CHALLENGE FOR BUTTIGIEG, OTHERS
Bloomberg will need to rebound at Tuesday’s debate to keep his momentum alive. He entered the race in November and is skipping the four early voting states to focus on later contests, starting with Super Tuesday, when 14 states vote.
Buttigieg, the moderate former mayor of South Bend, Indiana, has led the charge against Sanders, labeling him a polarizing candidate who would repel new voters.
Buttigieg could also face one of his most challenging debates. South Carolina and its large bloc of black voters will be a test of whether he can improve on what polls show is his lack of appeal to African Americans.
The debate stakes will be high as well for Biden, the former vice president. He is counting on a win in South Carolina, given his popularity among black voters, who make up more than half of the Democratic electorate in the Southern state.
Biden has led opinion polls in the state, but Sanders has been chipping away at his support and showed signs in Nevada he has expanded his backing to a more diverse electorate. Sanders won most of the state’s sizable Latino voting bloc, entrance polls showed, and finished second to Biden among black voters.
Steyer, an activist billionaire who also has spent his own money heavily on his campaign, will return to the debate stage after failing to qualify in Nevada.
He could make a difference in South Carolina, where polls show he has his greatest strength. He registers third there in the Real Clear Politics average of state polls.

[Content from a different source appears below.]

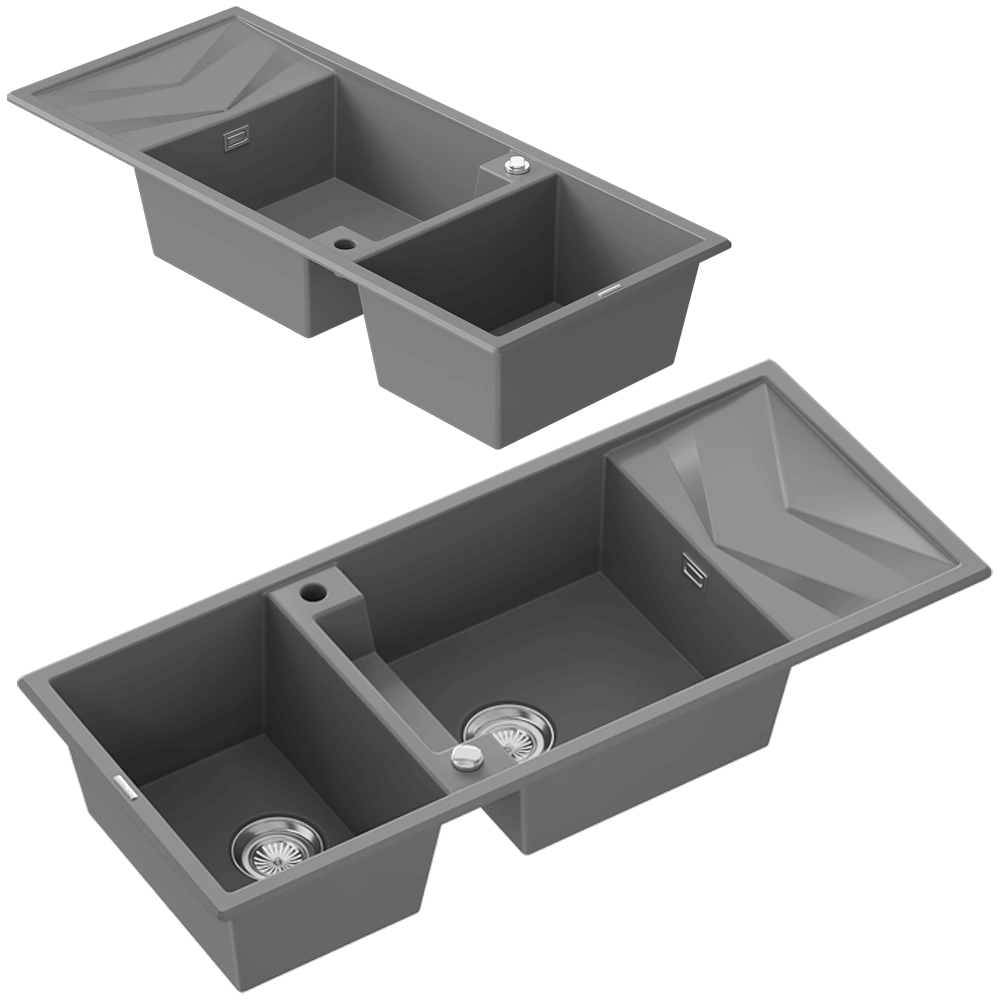 Deante - Granite sink Magnetic 3D Model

The debate might provide a make-or-break moment for Klobuchar and Warren, senators from Minnesota and Massachusetts respectively, whose lagging campaigns badly need a boost.
“Some of these candidates are likely to begin facing questions from the moderators about why they are staying in the race,” said Mitchell McKinney, a political scientist and debate expert at the University of Missouri.